■ WHAT THIS TASK INVOLVES:
From the records below, copy out exactly the lines from the one containing "Мужской Блейзер, приталенный" to the one containing "White Polyurethane Men Sneaker", both included. Add nothing else.

■ RECORDS FOR THE EXERCISE:

────────────────────

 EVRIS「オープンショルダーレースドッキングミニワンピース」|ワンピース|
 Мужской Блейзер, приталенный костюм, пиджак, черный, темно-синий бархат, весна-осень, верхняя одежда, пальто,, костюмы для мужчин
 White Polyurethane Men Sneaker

────────────────────

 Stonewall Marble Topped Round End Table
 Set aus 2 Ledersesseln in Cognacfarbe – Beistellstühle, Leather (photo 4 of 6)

────────────────────

■ SOLUTION FOR THIS EXERCISE:
 Мужской Блейзер, приталенный костюм, пиджак, черный, темно-синий бархат, весна-осень, верхняя одежда, пальто,, костюмы для мужчин
 White Polyurethane Men Sneaker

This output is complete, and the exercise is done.